Shadowing the Patient for a Better Care Experience

How Patient Shadowing Identified Areas of Improvement for One Facility

Have you or a loved one ever gone into the hospital for surgery? Nearly everyone has been in this scenario, whether it was first hand or for a friend or family member. Now, think back to that day at the hospital – do you recall the process being time-consuming and anxiety-driven?

If you said yes, you’re not the only one. Truth is, no one enjoys visiting hospitals. But the long, drawn-out process for the day of surgery is not only inefficient but also causes added stress on top of an already tense day for patients and family members alike.

Hospital visits are taxing for everyone involved, but through patient shadowing, the Bone and Joint Center at Magee-Womens Hospital of UPMC is making strides to improve the patient experience. Read more to learn:

  • How the Bone and Joint Center used patient shadowing to identify and address delays in their surgery start times
  • What patient shadowing is, the six steps in the shadowing process, and how it helped to improve patient satisfaction in the program
  • How patient shadowing can work with other process improvement tools to further improve patient experience and decrease costs associated with the care cycle
  • How the Bone and Joint center worked to lower care cycle costs by identifying high cost steps in the process

But -- some hospitals are working towards identifying ways to reduce this stress and make the patient care process easier. So, let’s take a look at one of these situations.

Step One: Identify the Problem

This story starts off when the Bone and Joint Center at Magee-Womens Hospital of UPMC identified that late start of surgery times had a direct, negative, impact on patient satisfaction.  

Once surgery delays were known to be a root problem, they decided to dig deeper into their current state to identify what gaps in care are building up to late start times. . To get an unbiased opinion on the process, the Bone and Joint Center chose to use patient and family shadowing to help identify opportunities for improvement t in their current surgery system.

Before jumping right into the case study and its results, you may be wondering what exactly patient and family shadowing is. It is the idea of following (aka, shadowing) patients and their families through each step in their healthcare process. The hope is to identify areas of improvement through co-design that will engage with patients, families, staff, and physicians to improve experience, efficiency, and staff satisfaction.

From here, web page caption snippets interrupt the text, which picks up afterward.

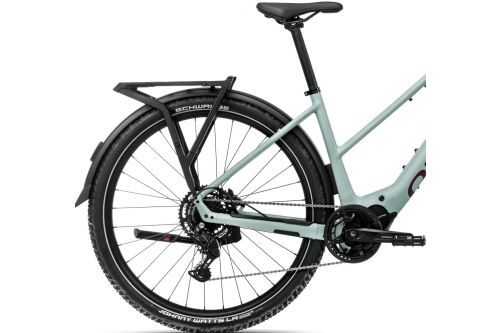 Rower elektryczny miejski turystyczny do jazdy do pracy na działkę po mieście Orbea KEMEN ADV 30 MID 28mph 11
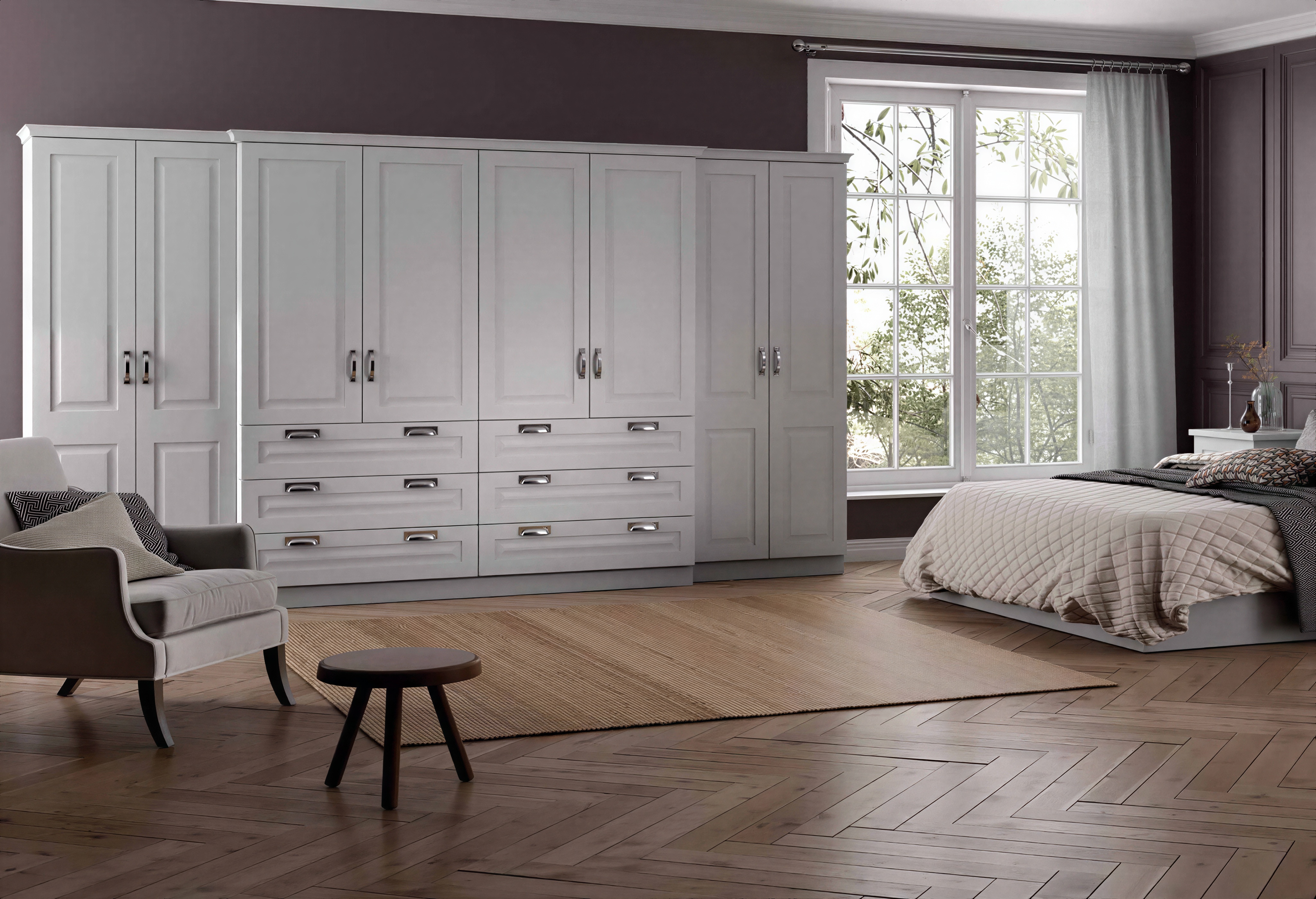 Visual Wardrobe Configurator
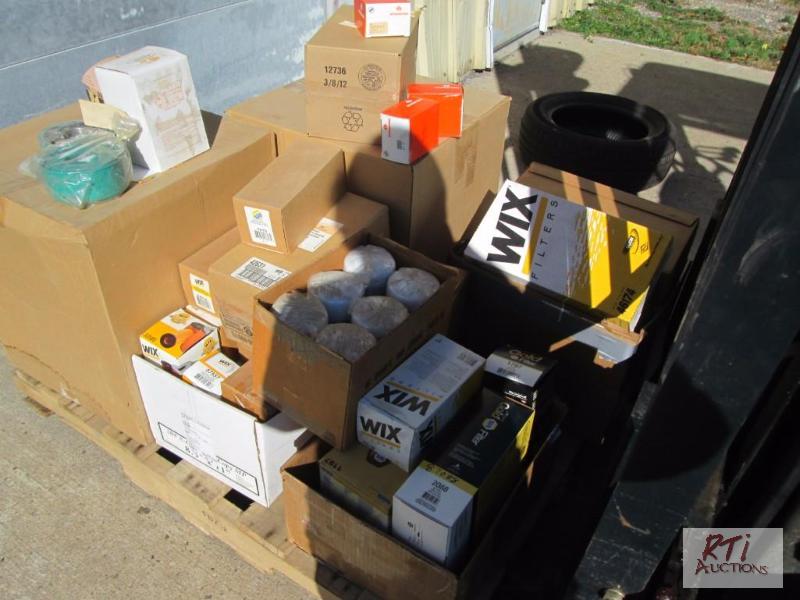lot 52 image: Pallet of misc. filters. All equipment sells ...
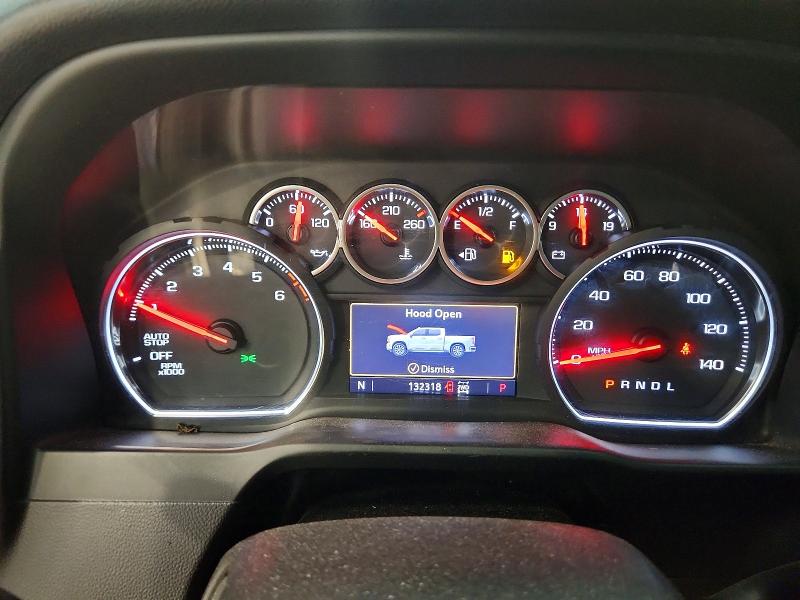 2019 Chevrolet Silverado VIN 1GCUYEED0KZ124612 COPART salvage auction — NORMAL WEAR, SC - CERTIFICATE OF TITLE, sold $15,300 on 2026-07-09 (photo 9)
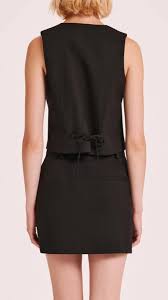 Load image into Gallery viewer, Rana Vest - Black - Billy J
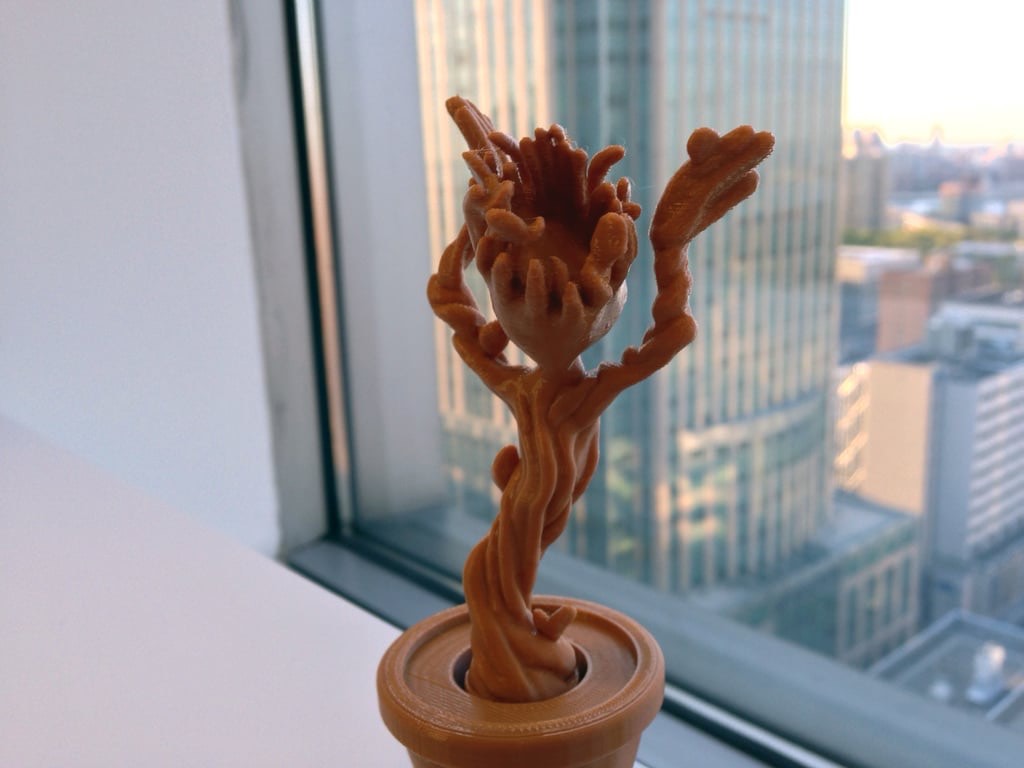 Miniatura 3 do modelo 3D Dancing groot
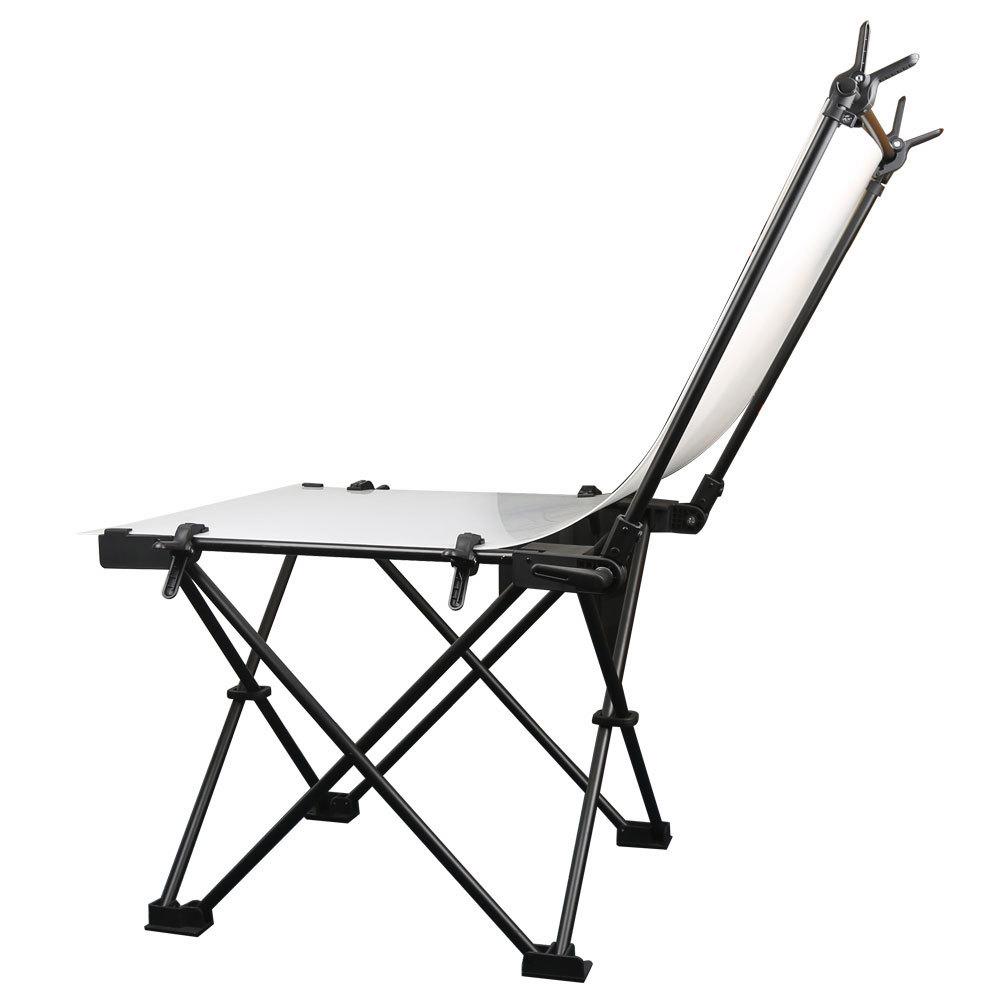Godox 100x200cm Large Professional Foldable Photography Table for Product Shooting - Perfect for Ecommerce, Amazon, eBay & Studio Photography (Demo Stock)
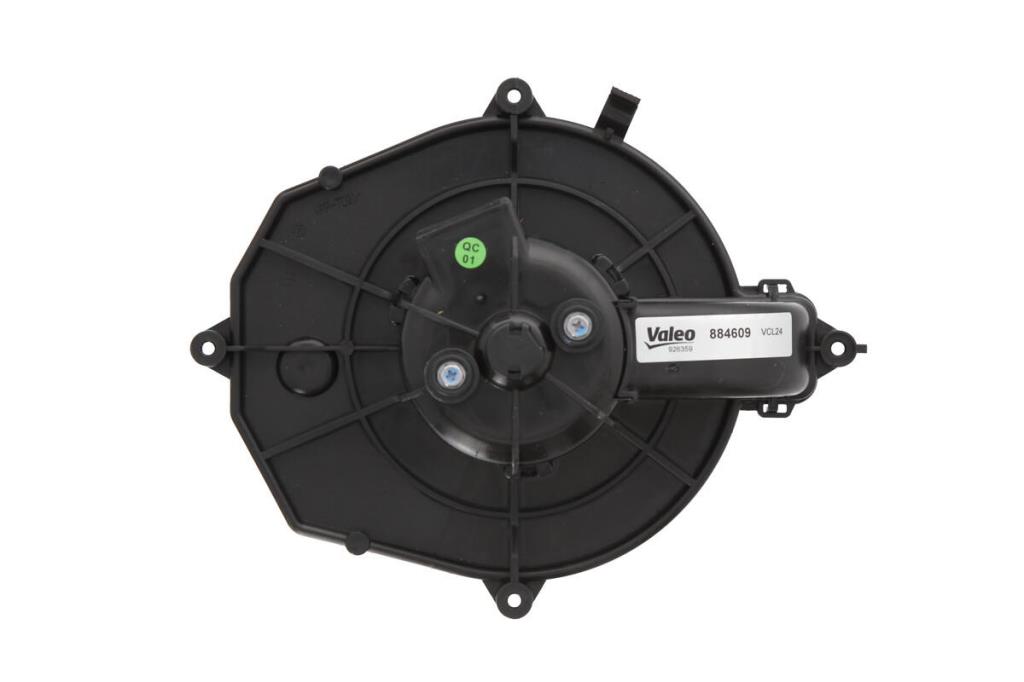 Pulseur d'air habitacle (Ventilateur habitacle) VALEO 884609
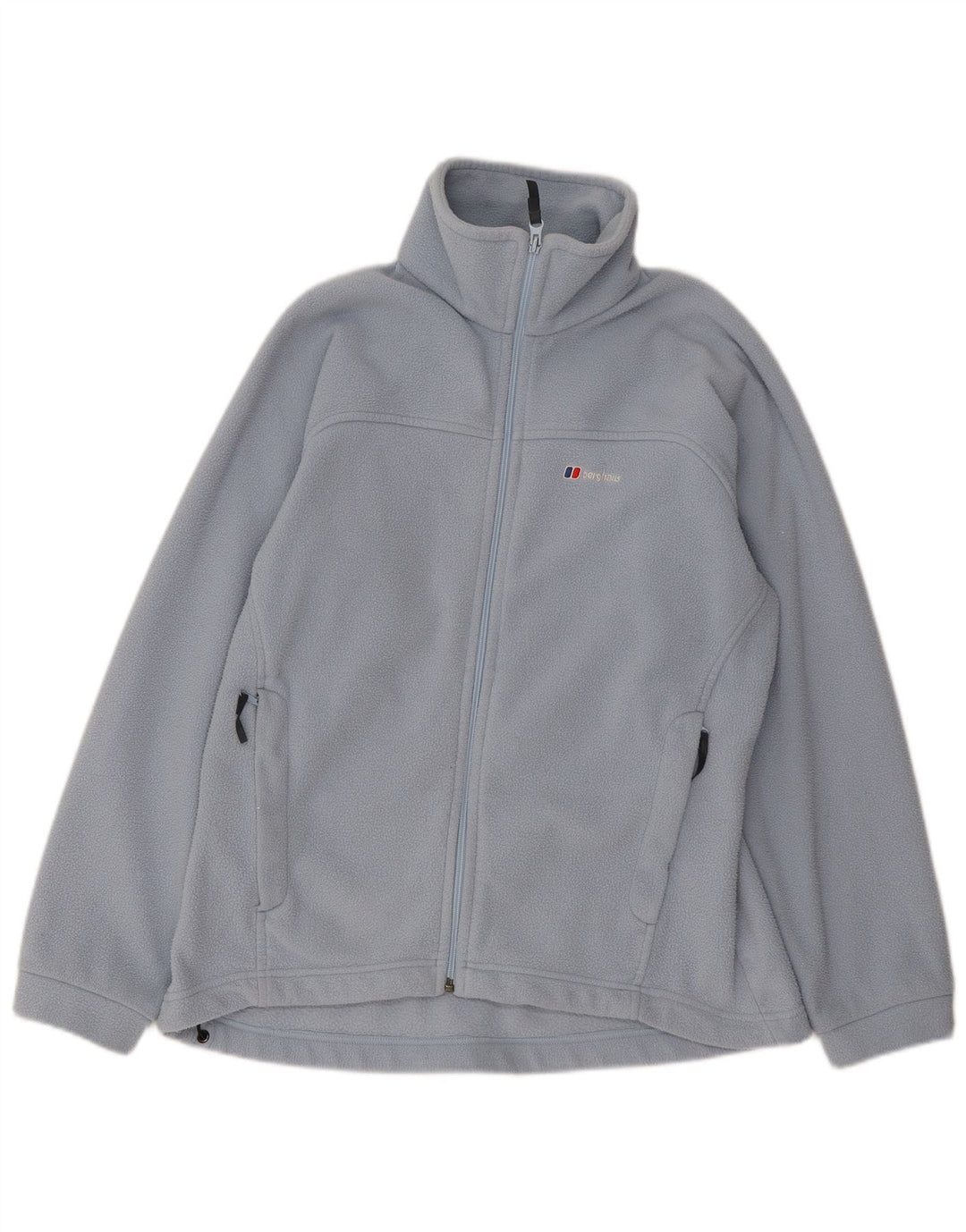Berghaus ženski džemper od flisa UK 16 veliki plavi poliester
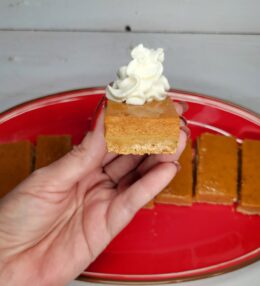 Pumpkin Pie Bars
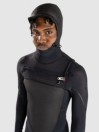 O'Neill Psycho Tech 6/4 Chest Zip With Hood Muta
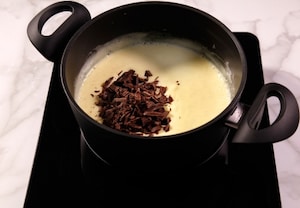 Preparazione Panettone farcito - Fase 5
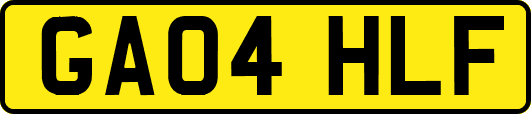 GA04HLF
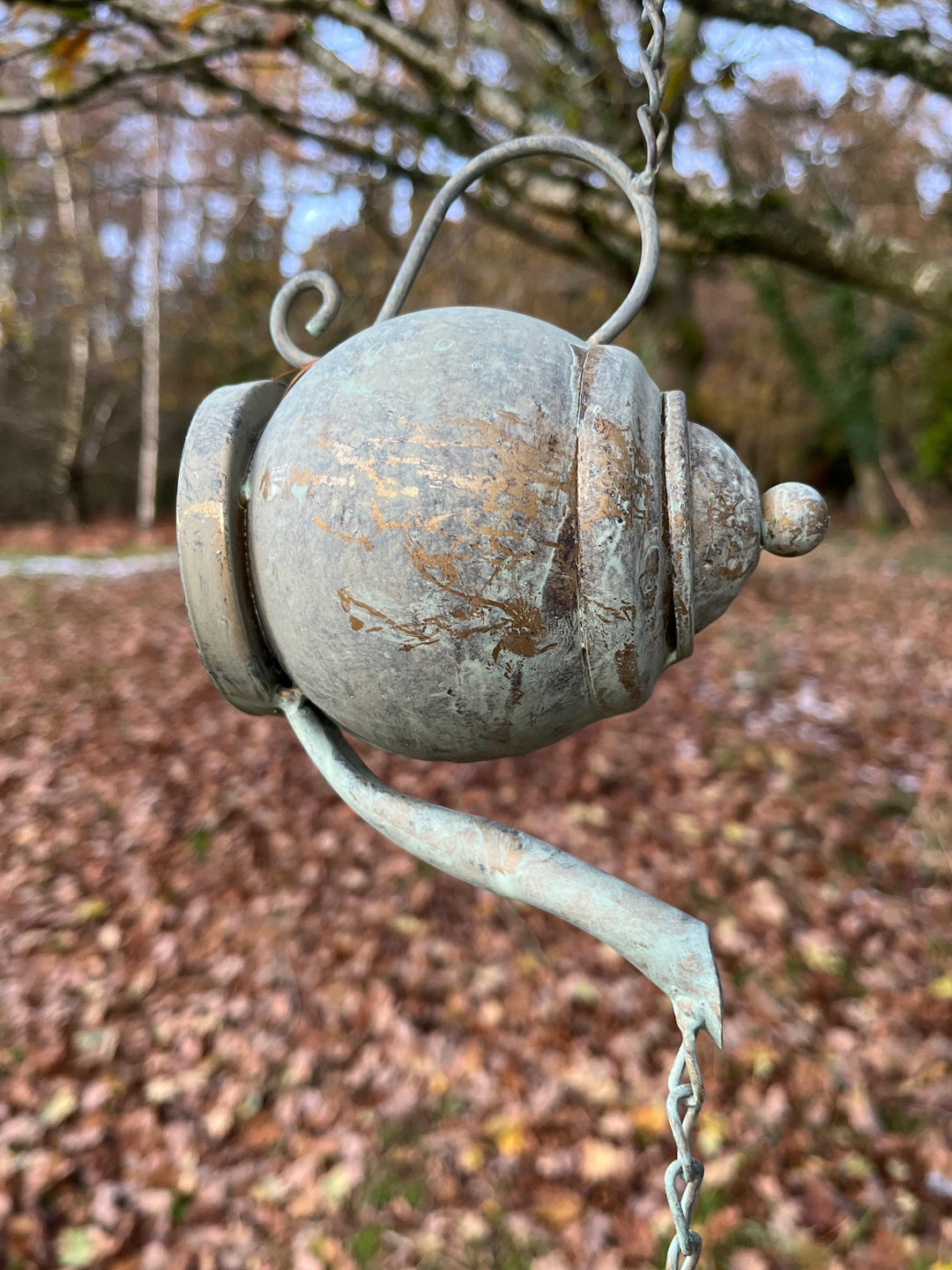 Tea Party Rain Chain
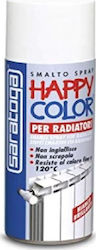 Saratoga Σπρέι Βαφής Happy Radiator Λευκό 400ml Saratoga Σπρέι Βαφής Happy Radiator Λευκό 400ml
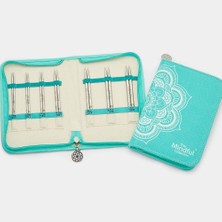 Knitpro Mindful Collectione Belıeve Setı - Mint Set - Değiştirilebilir Misinalı Set 13 cm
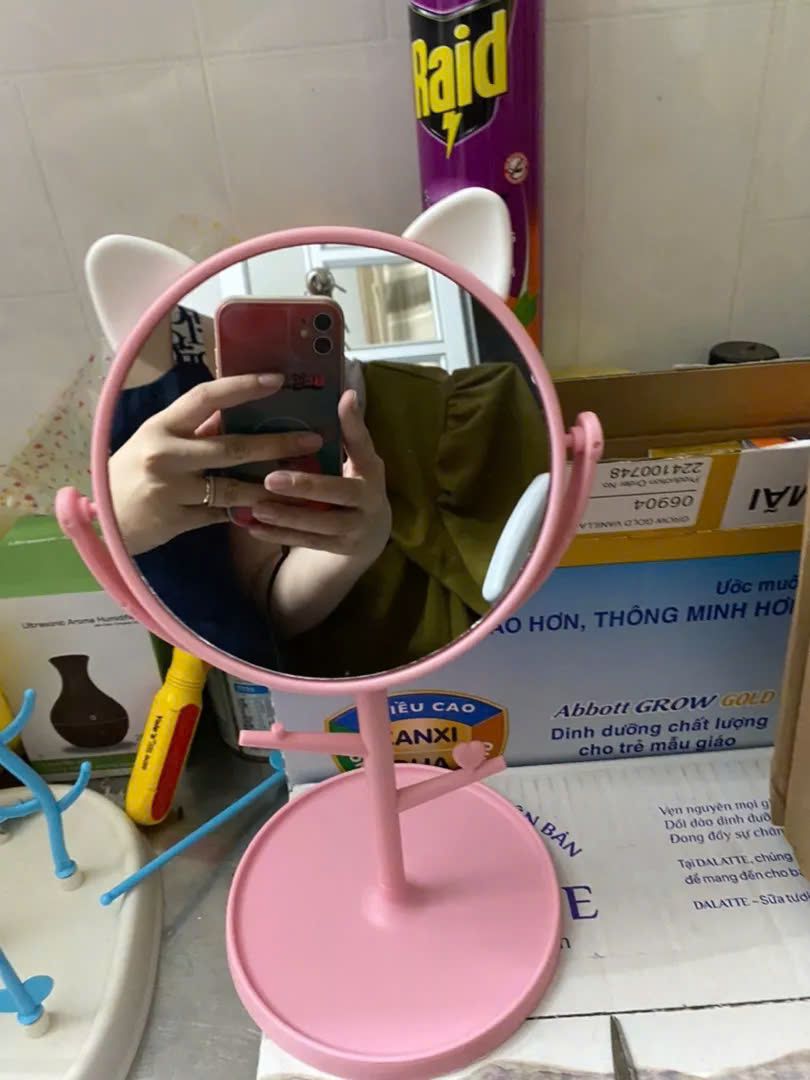 Gương đẹp , dễ thương , giao hàng nhanh chóng , ship vui vẻ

The person who is participating in the program as a shadower should be someone who is not heavily involved in the process, such as a student or volunteer. This shadower should be someone who pays close attention to detail and approaches the experience with an open mind.

Patient shadowers gathered in a hospital hallway
Shadowers following the patients and families through their entire care cycle, from admissions to discharge .

Starting at the Beginning

Alright, now that we are all caught up, let’s get back to identifying the problem. The Bone and Joint Center knew that if they were to have a clear understanding of exactly where the problem began in their process, they’d have to start at 5:30 a.m. when the first two patients arrive for surgery.

It was quickly identified that the process had flaws from the start – patients were told to arrive at the main lobby of the hospital, but the main doors were locked at these early hours. Not only did this frustrate and confuse patients, but it also forced them to walk from the main lobby to the emergency room entrance.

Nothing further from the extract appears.